Fast-moving Consumer Goods

Sustainability is transforming FMCG from a scale and distribution-driven model to one centred on resource efficiency and consumer engagement. Circularity is particularly visible in packaging, but its implications extend to product formulation, distribution, and post-consumer recovery.

The upside lies in brand differentiation and regulatory compliance. Companies that successfully implement circular packaging and refill models can strengthen customer loyalty and access new segments. Data-driven insights into product usage and return flows also enable more efficient supply chains.

However, operational complexity increases significantly. Managing multiple packaging formats, reverse logistics, and consumer participation introduces cost and execution risk. There is also uncertainty around consumer willingness to adopt new behaviours at scale.

Innovative use cases include intelligent packaging that signals optimal refill timing and integrates with subscription models, decentralised refill stations embedded in existing retail infrastructure, and closed-loop ingredient sourcing where by-products from one product line are systematically reused in another. These approaches require FMCG players to rethink their role across the value chain, moving closer to service providers than traditional manufacturers.

Infrastructure & Engineering

Circularity is redefining how infrastructure is designed, built, and maintained, with a focus on lifecycle optimisation and material reuse. The sector is moving towards modular, adaptable systems that can be reconfigured rather than replaced.
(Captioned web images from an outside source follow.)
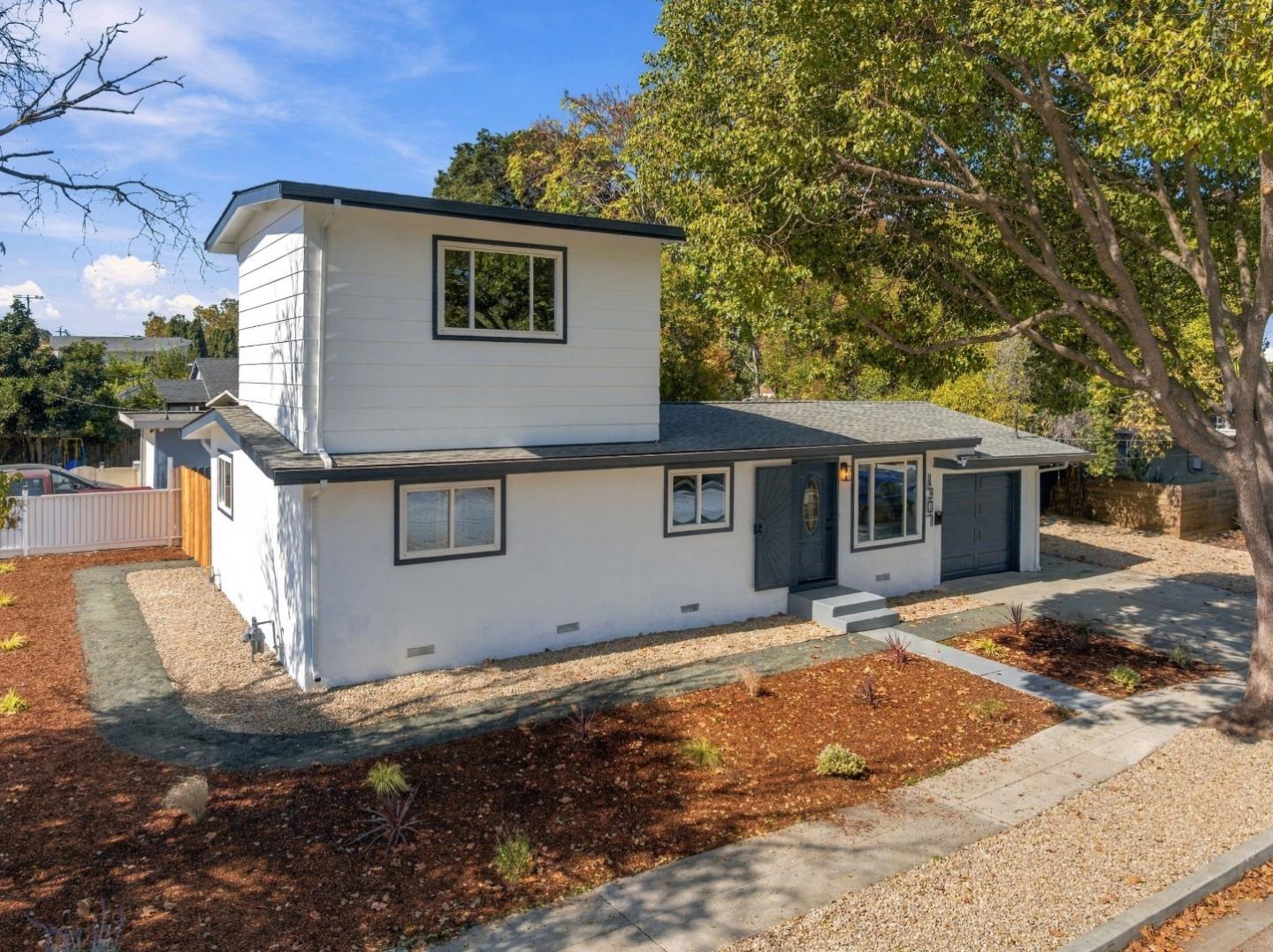 1307 Hill AVE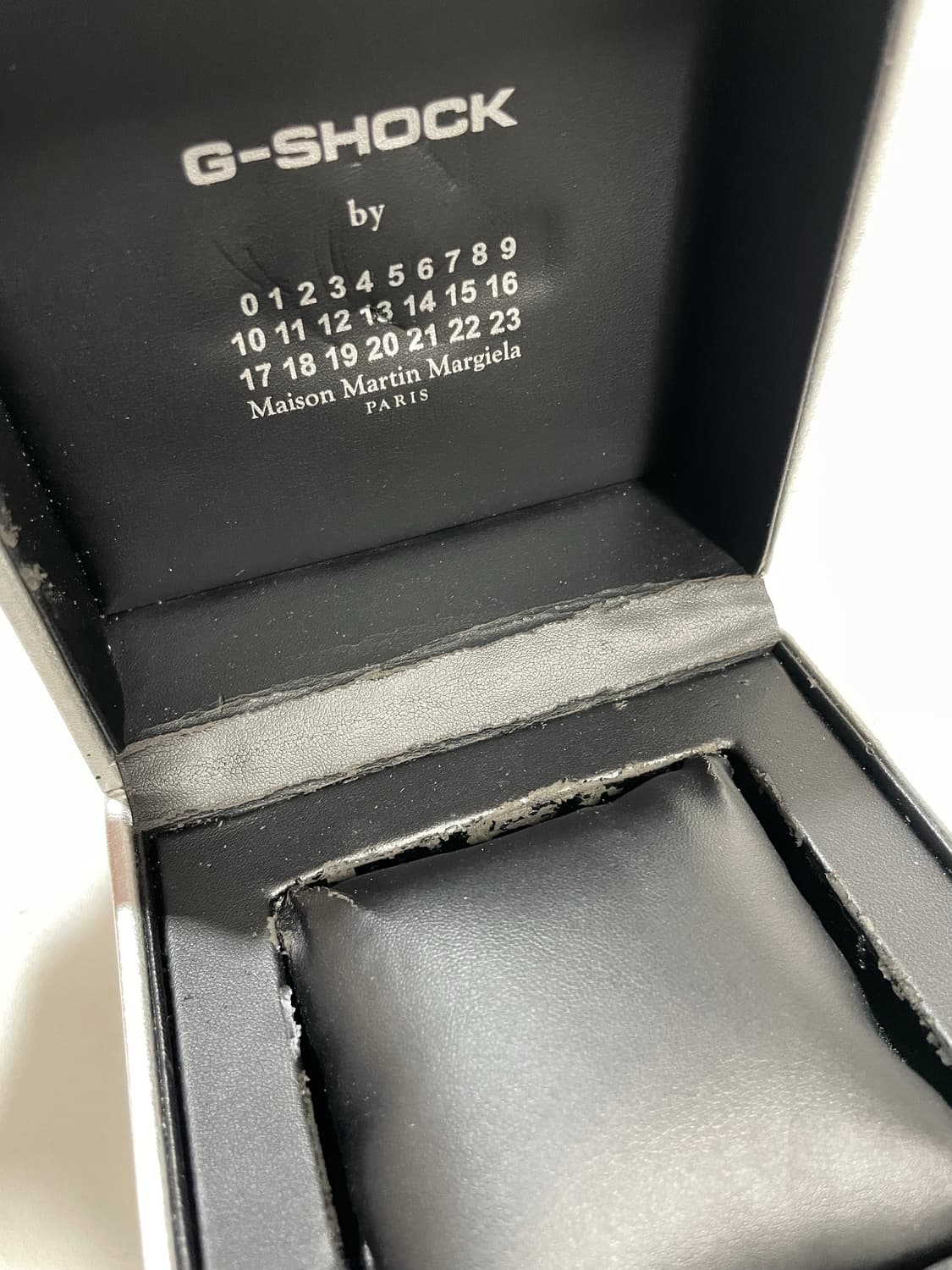 마틴 마르지엘라 x 지샥 30주년 한정판 시계 상품이미지9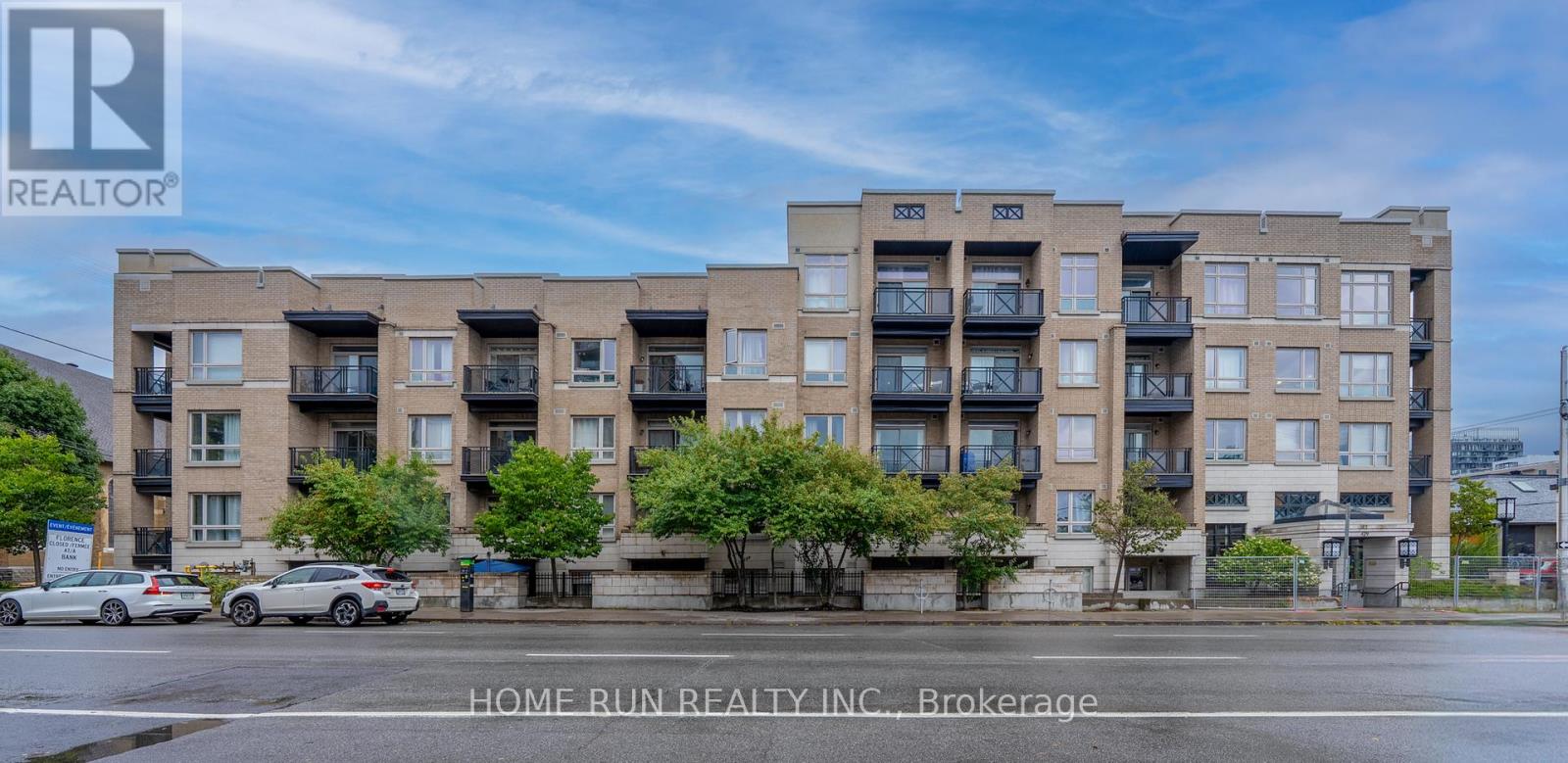 210 - 429 KENT STREET|Ottawa, Ontario K2P1B5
Positive impacts include reduced lifecycle costs and improved asset resilience. Digital twins enable continuous monitoring and optimisation, while circular construction materials reduce environmental impact and regulatory risk. There is also growing demand for infrastructure that supports circular systems, such as recycling hubs and decentralised energy networks.

Negatively, the sector faces slow adoption due to fragmented stakeholders and conservative procurement practices. Higher upfront costs and lack of standardisation can delay implementation. Long asset lifecycles also make it difficult to retrofit circular principles into existing infrastructure.

Advanced applications include buildings designed as material banks with embedded recovery value, infrastructure components that can be relocated and reused across projects, and integrated platforms that optimise material flows across entire urban developments. These innovations shift value from initial construction to long-term asset performance.

Machinery & Tools

The sector is transitioning from equipment sales to lifecycle services, with circularity enabling new revenue models and efficiency gains. Manufacturers are increasingly retaining ownership of assets and monetising usage rather than transactions.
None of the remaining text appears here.